Rachel Desaulniers est une ancienne journaliste et enseignante de l’Université de Sudbury qui a étudié à La Laurentienne. Elle est l’une des nombreuses membres de la communauté ayant lancé une sorte de cri de cœur dans les derniers jours sur les réseaux sociaux.

« Il faut que les anciens se mobilisent ou démontrent qu’on a une part à jouer comme diplômés de La Laurentienne. Je suis une fille qui a grandi à Sudbury et qui a été à l’Université Laurentienne. La situation est grave et sérieuse, mais il faut démontrer notre attachement à cet établissement-là », soutient Mme Desaulniers.

Pour cette dernière, on ne peut pas rester les bras croisés en voyant l’impact que l’Université Laurentienne a eu sur des institutions tels le Carrefour francophone de Sudbury, le journal Le Voyageur et le Centre franco-ontarien de Folklore.

« Pour le Nord de l’Ontario, c’est un lieu où tu apprends ton métier et ça contribue à l’ensemble de la carrière des gens, c’est là où tu peux vraiment avoir un sens d’identité et d’étudier en français pour retourner dans ta communauté pour contribuer à l’épanouissement de la langue et de l’économie. (…) Avec ce que l’Université a donné à la communauté, on ne peut pas rester à ne rien faire. On ne peut pas juste regarder le défilé. »

« Il n’y a pas personne dans l’administration qui parle et qui offre de l’aide » – La professeure en psychologie Line Tremblay

Même son de cloche pour la professeure en psychologie Line Tremblay qui s’inquiète que l’établissement prenne des décisions sans prendre en compte les conséquences sur l’aspect francophone et unique de l’Université Laurentienne.

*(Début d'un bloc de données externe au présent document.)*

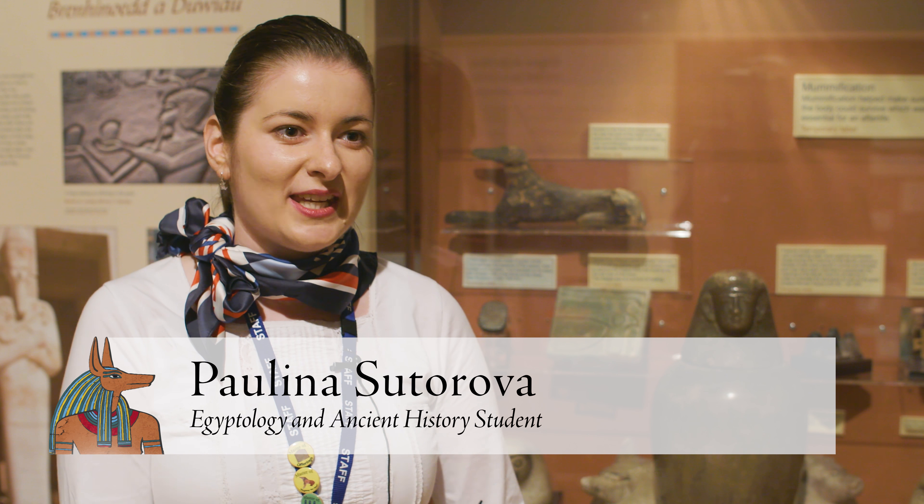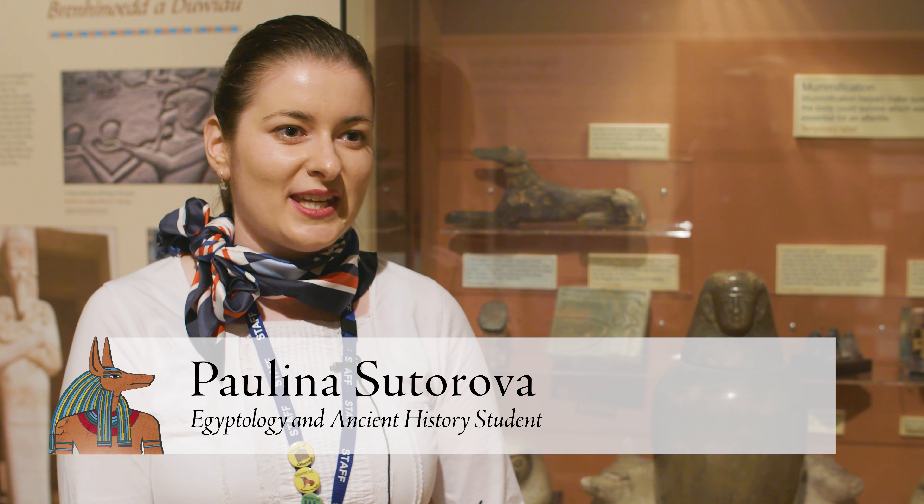I think the Egypt Centre being here is a very unique thing to the Egyptology course. Not a lot of universities have that access. So it's particularly useful because you get more than just the lectures — you can get much more hands-on, especially with the volunteer programme here.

« On voit juste l’arbre dans la forêt, et non toute la forêt. L’administration est face à une crise financière et c’est cette vision qui m’inquiète. Si tu es face à un ours, ce n’est pas de tomber dans la rivière qui t’inquiète, c’est l’ours », image Mme Tremblay.

Cette dernière dénonce le manque d’empathie et le côté humain dans la situation actuelle.

« Il y a une bombe qui est sortie et on annonce de possibles pertes d’emplois. Il n’y a pas personne dans l’administration qui parle et qui offre de l’aide. Il n’y a pas eu de communications publiques, aucune empathie pour les gens ou des paroles rassurantes. Je n’ai jamais entendu ; on va faire de notre mieux pour sauver le plus d’emplois possible, c’est plutôt : on va faire de notre mieux pour supprimer le plus d’emplois possible. Je ne dis pas que ce sont les vraies intentions des administrateurs, mais ils ne comprennent pas qu’ils ont un devoir de prendre soin de leur communauté, mais ils ne le font pas. »

Au gouvernement d’agir

L’Union des Associations de Professeurs des Universités de l’Ontario (OCUFA) accuse le gouvernement et le ministre des Collèges et des Universités Ross Romano de « refuser de défendre la population du Nord de l’Ontario et de fournir un financement vital à l’université publique ». L’OCUFA pointe du doigt la ministre des Affaires francophones Caroline Mulroney et M. Romano de « refuser de les rencontrer » et dit « se sentir abandonnés ».

« La position adoptée par M. Romano est irresponsable, menace les emplois, les programmes essentiels, la qualité de l’éducation des étudiants et fera un tort irréparable à l’université et à la communauté du Grand Sudbury », indique l’OCUFA dans un communiqué.

Le ministère répond qu’il a nommé le conseiller spécial, Alan Harrison pour lui fournir « des recommandations sur la façon dont le gouvernement peut procéder pour soutenir la viabilité financière à long terme de La Laurentienne ».

« La portée du mandat du conseiller spécial s’étendra au-delà de l’analyse financière et comprendra un examen d’autres facteurs sous-jacents à la situation à la Laurentienne. Le conseiller spécial fournira des conseils et des recommandations qui appuieront la prise de décision du gouvernement, y compris une perspective sur la gouvernance et la planification stratégique actuelle de la Laurentienne et les plans de retour à des opérations durables. Nous restons déterminés à faire en sorte que les étudiants de l’Université Laurentienne puissent poursuivre leurs études sans interruption », indique un porte-parole du ministre Romano.